Let’s now try to imagine a different situation.

What happens if someone offers us fruit juice made from freshly picked fruit? Fruit picked at the right moment of ripeness, squeezed, and immediately drunk with the addition of just a little sugar, if we wish, would allow us to fully taste all the nuances of flavor. What incomparable freshness! Amazing!

It seems like the perfect drink to achieve maximum satisfaction. But is this different product problem-free? Some come to mind.

Have the fruits been cleaned sufficiently? Maybe yes, but no one can guarantee it, and our stomachs might only find out later…

Furthermore, it is much more difficult to have a fresh juice made with your favorite fruit mix, especially if you like blueberry, passion fruit, pineapple, and orange. Of course, we could mitigate this problem by buying fruit at the supermarket and then making the juice ourselves. It wouldn’t be the same; the fruit would still have undergone at least one transport, but a juice squeezed by ourselves could still give us more flavor (but don’t forget to reserve the time needed to do it at the moment!).

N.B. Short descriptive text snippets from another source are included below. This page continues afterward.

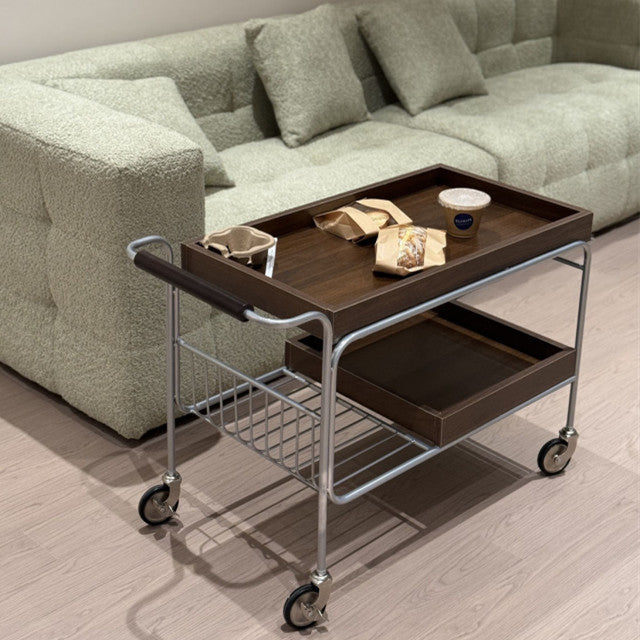 Modern Mid-Century Rectangular Trolley Metal Wood Plate Side Table 2-Tier Movable For Living Room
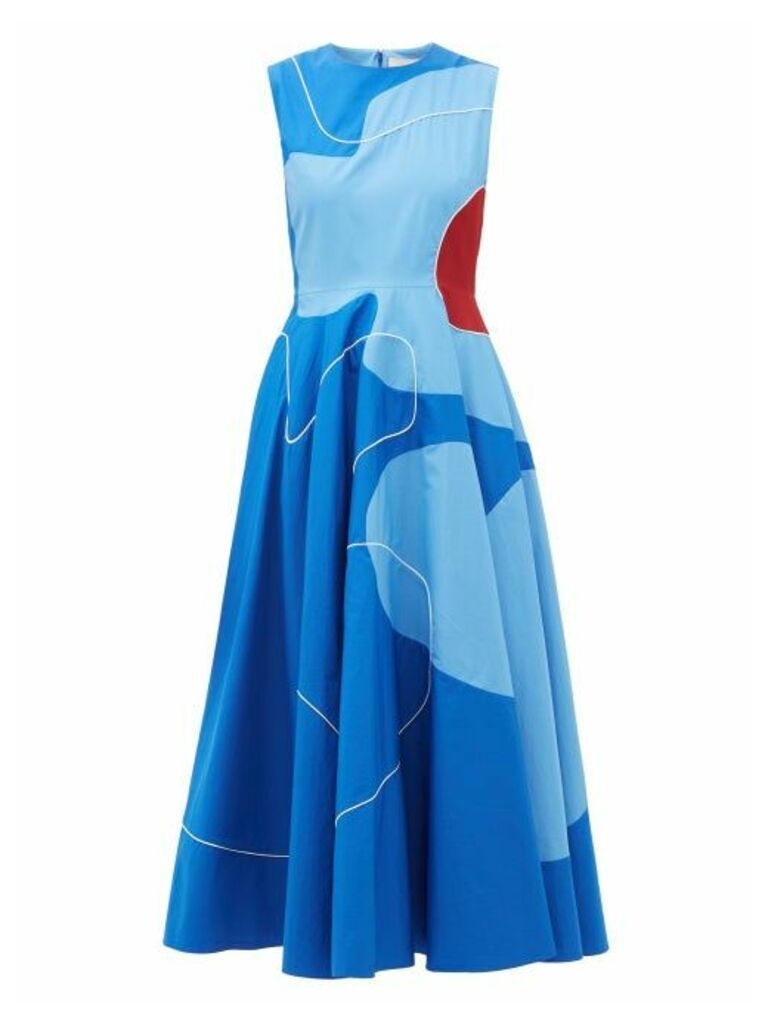 Roksanda - Flora Colour-block Cotton-poplin Midi Dress - Womens - Blue Print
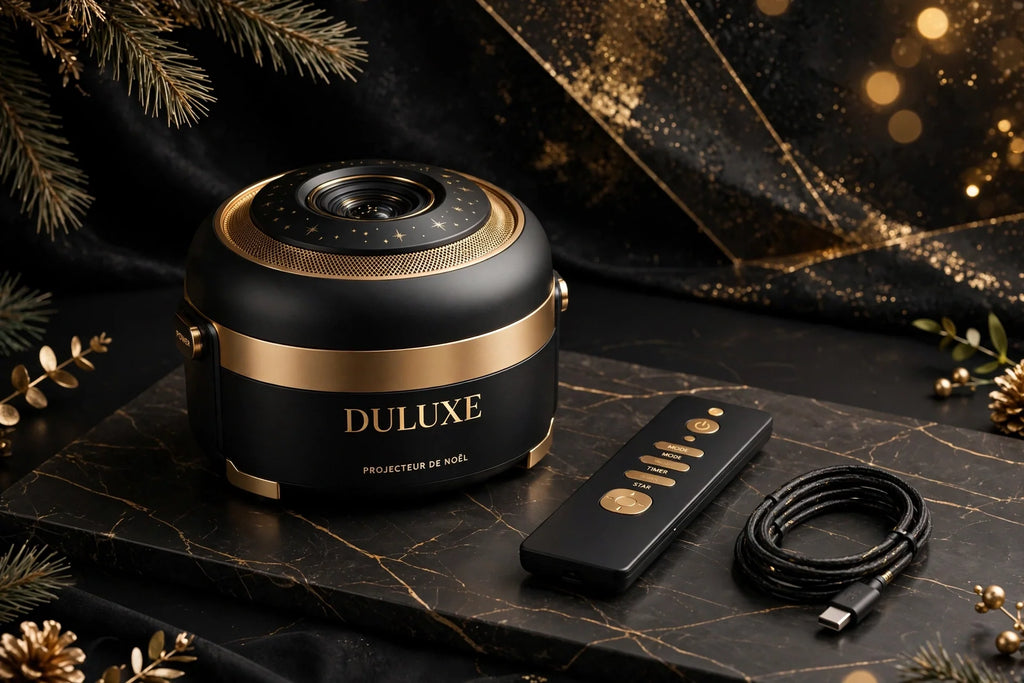 Projecteur de Noël avec sa télécommande et son câble USB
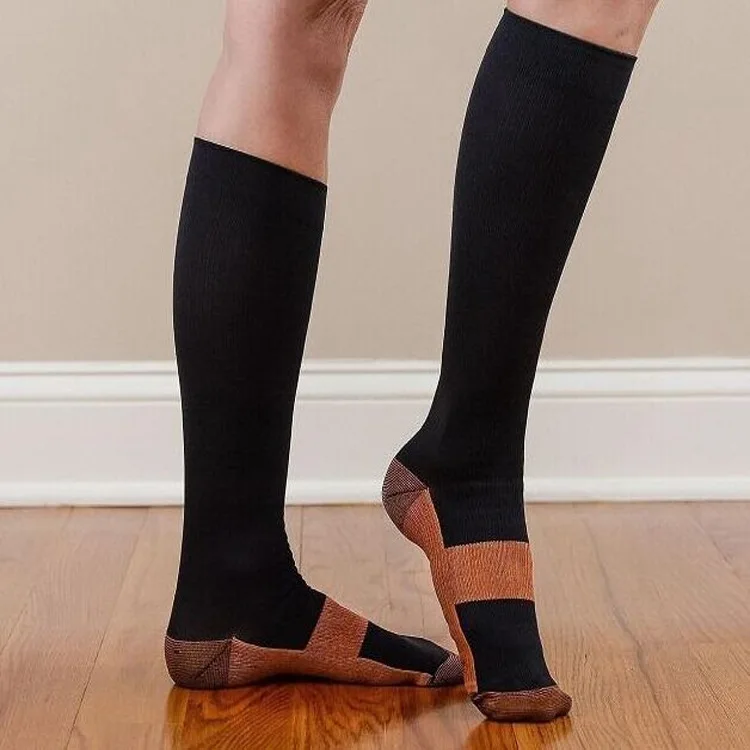 Anti-Fatigue Compression Socks Unisex Foot Pain Relief Soft Miracle Copper Anti Fatigue Magic Support Knee High Meias | Женская одежда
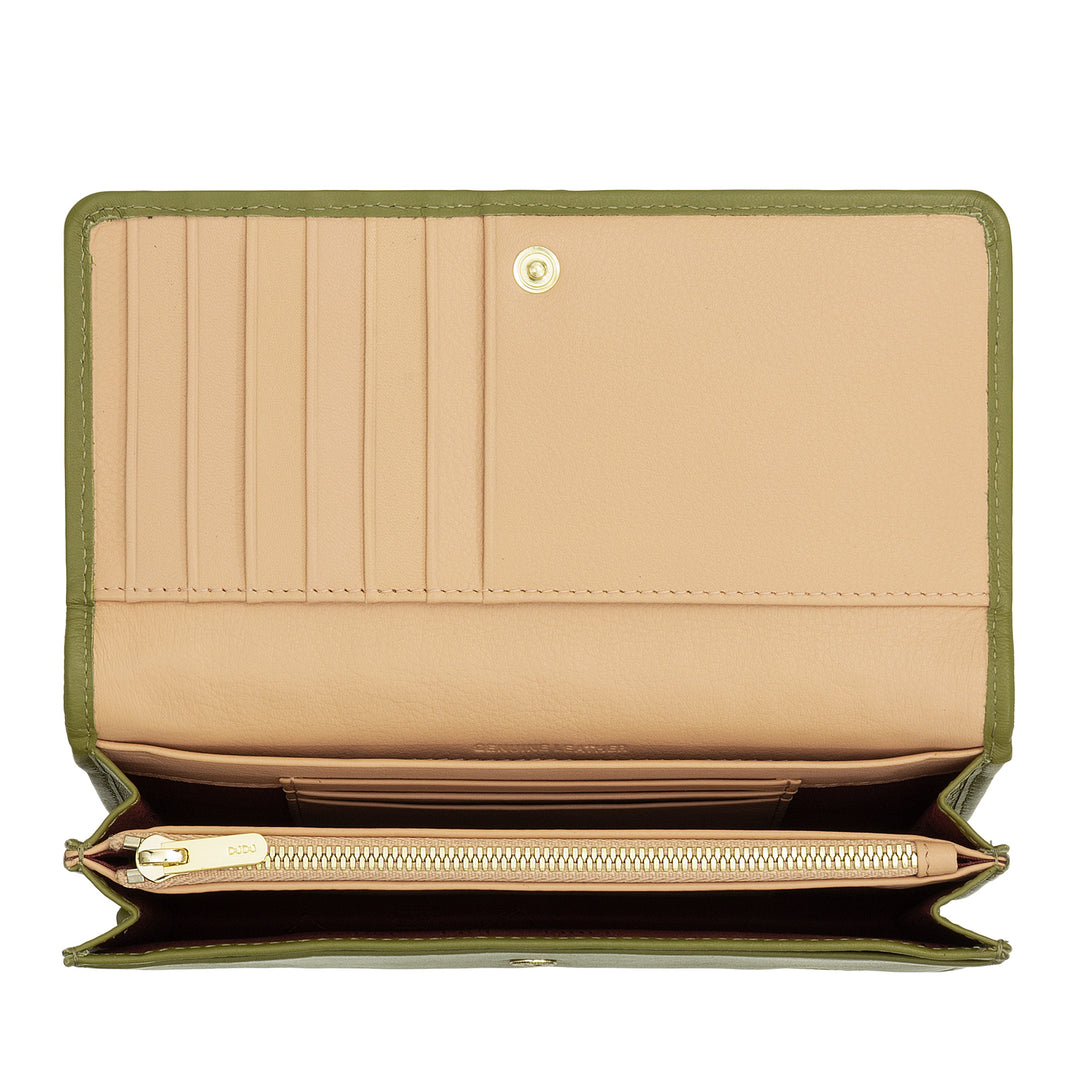 Γυναικείο πλεγμένο πορτοφόλι DUDU από γνήσιο δέρμα - Πορτοφόλι νομισμάτων με φερμουάρ, θήκη για κάρτες και θήκες, κομψό χειροποίητο σχέδιο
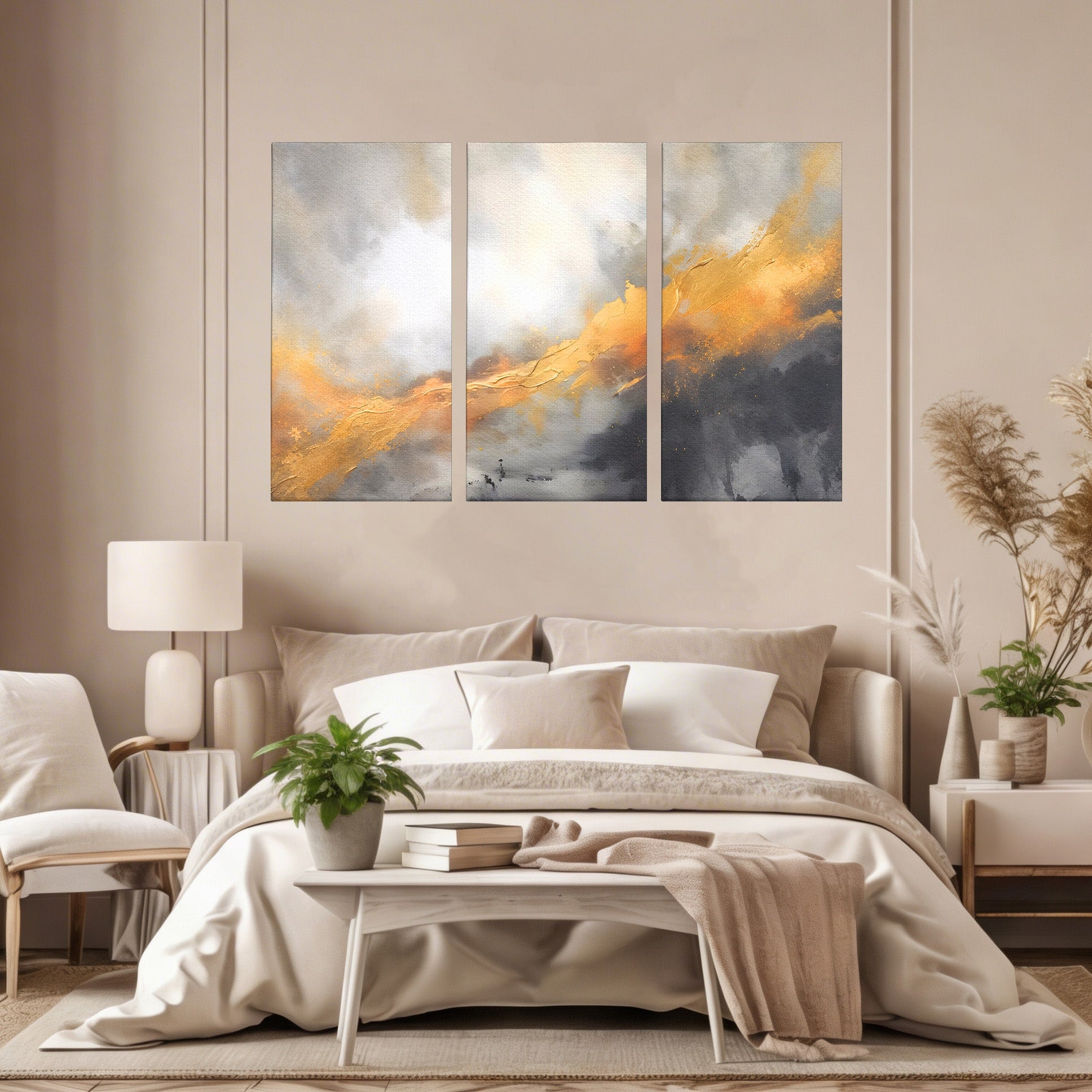Set 3 Tablouri Canvas Premium LuxCanva® C3-1237, Gold And Grey Abstract Painting, Relaxare, Living Room, Culori Vibrante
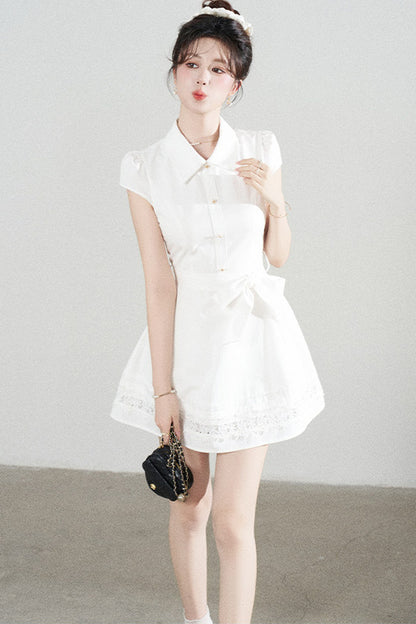 White Lace-Up Waist Puff Dress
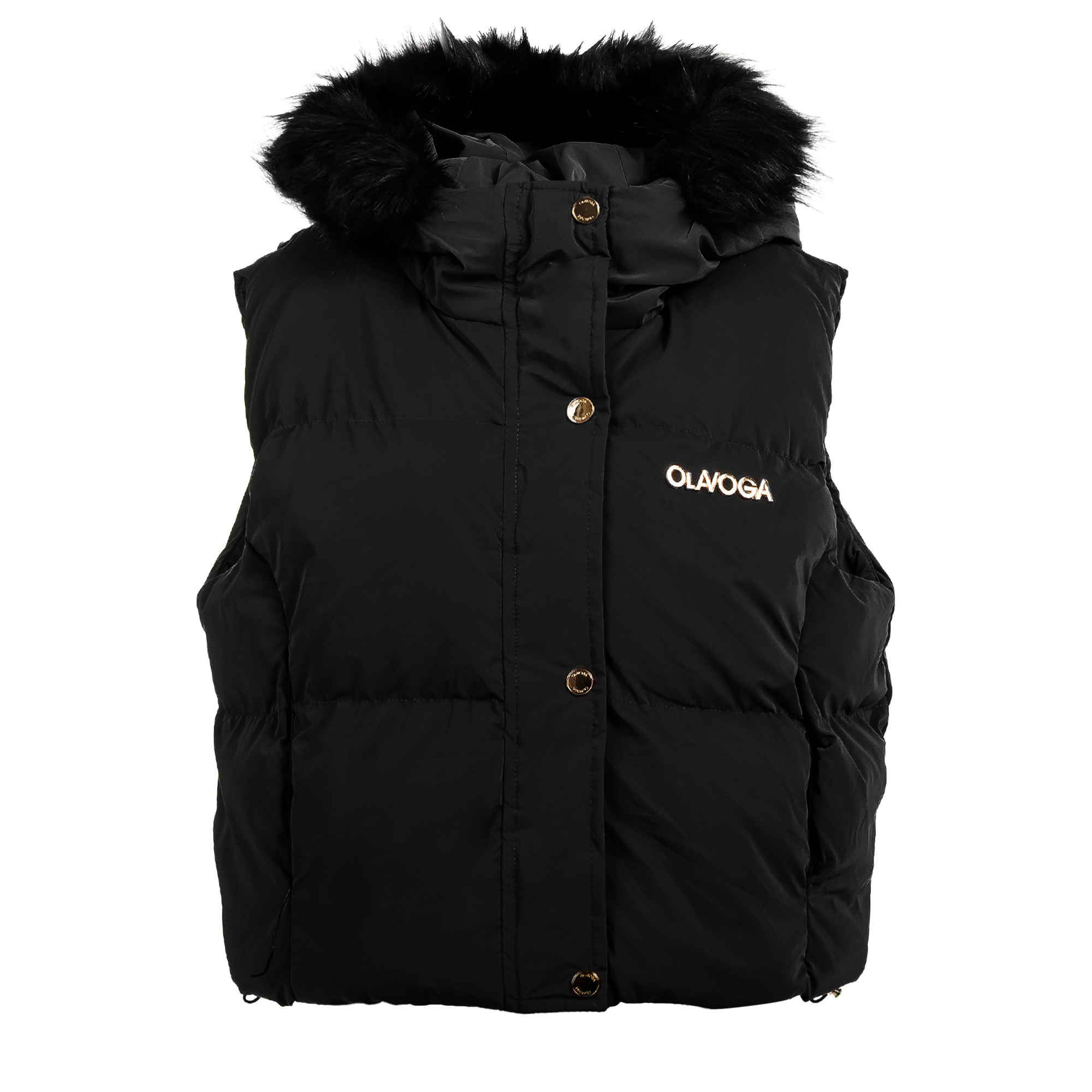 Damen-Kapuzenweste OLAVOGA SIERY - Schwarz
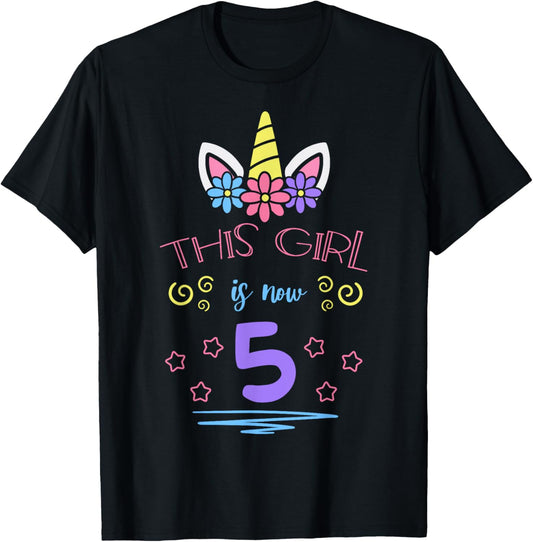 This Girl Is Now 5 Birthday Unicorn Floral Horn Theme Party T-Shirt - T-Shirt | Black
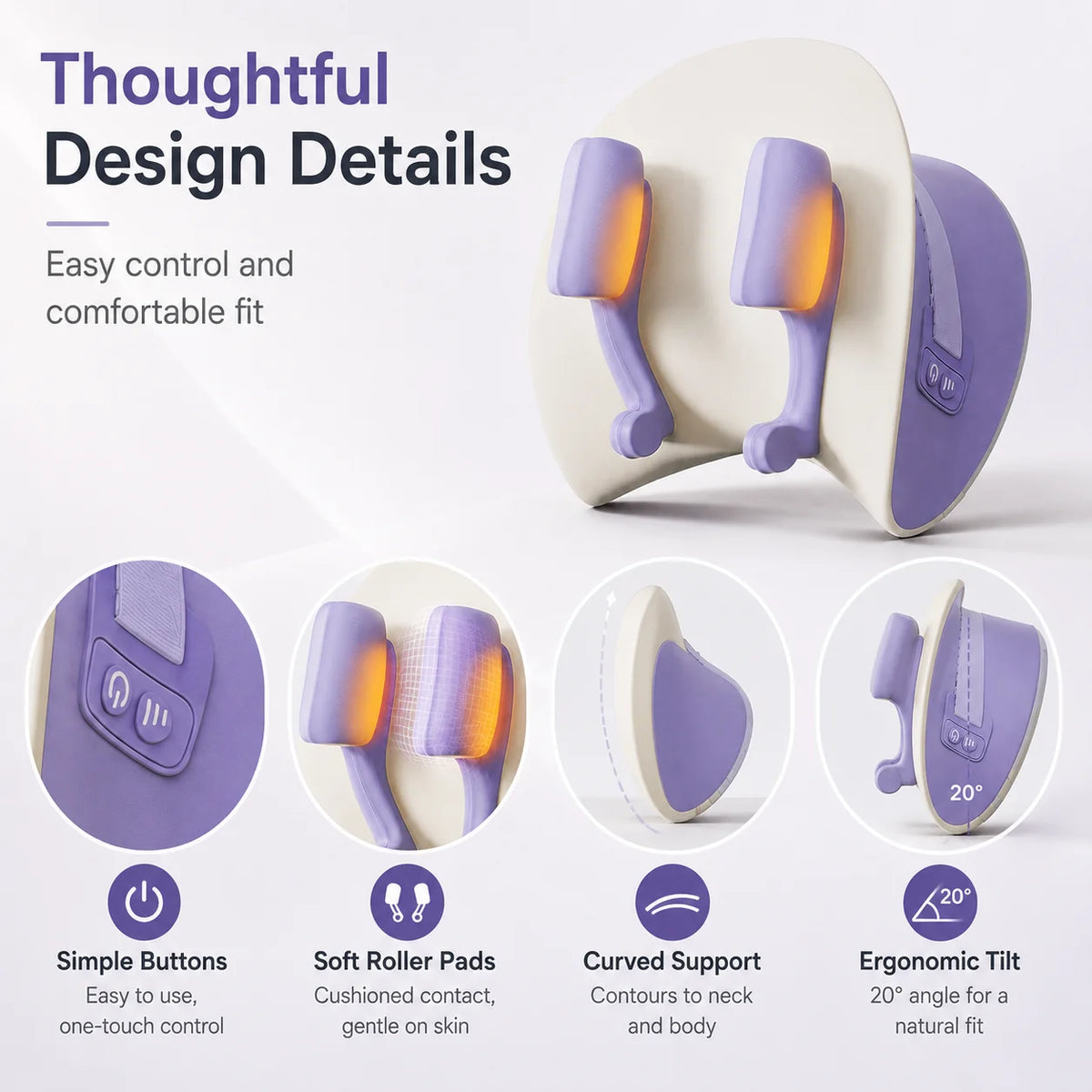 PAQIN Smart Clamping Massage Pillow – Neck, Back & Waist Roller Massage Pillow Qst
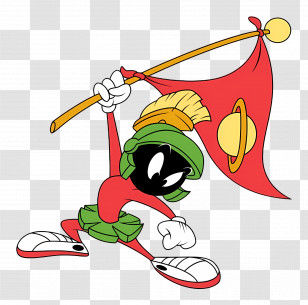Marvin The Martian - Cartoon Character Waving Flag Transparent PNG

Are you wondering where I’m going?

Well, if you replace the fruits with data, an ETL process can be seen as the production process of fruit juices whose objective is to provide a final product with high quality standards, immediately usable by consumers, by first transporting and then combining and processing the basic products.

And this post aims to describe how to satisfy those who would prefer to have a juice made from freshly picked fresh fruit, reducing the time distance between collection and use as much as possible while knowing that this exposes them to potential limits on the final product.

Why ETL?

The ET-L (Extract Transform and Load) or EL-T (Extract Load and Transform) processes traditionally play a crucial role in data management solutions aimed at the creation, feeding, and management of analytic data stores.

Data extraction involves extracting data from homogeneous or heterogeneous sources; data transformation processes data by data cleaning and transforming it into a proper storage format or structure for the purposes of querying and analysis; data loading describes the insertion of data into the final target data store, typically a data warehouse, a data lake, or a lakehouse.

Conventionally, at a high level, an ETL process schema can be designed as follows:

Conventional ETL process

Why do we need ETL processes? Insights derived from valuable information can have a very significant impact on the success of an organization. With the exponential growth of data volume, data sources, and data types, the ability to validate, cleanse, integrate, standardize, curate, and aggregate data in well-orchestrated and governed pipelines has achieved great value in the data management processes of organizations.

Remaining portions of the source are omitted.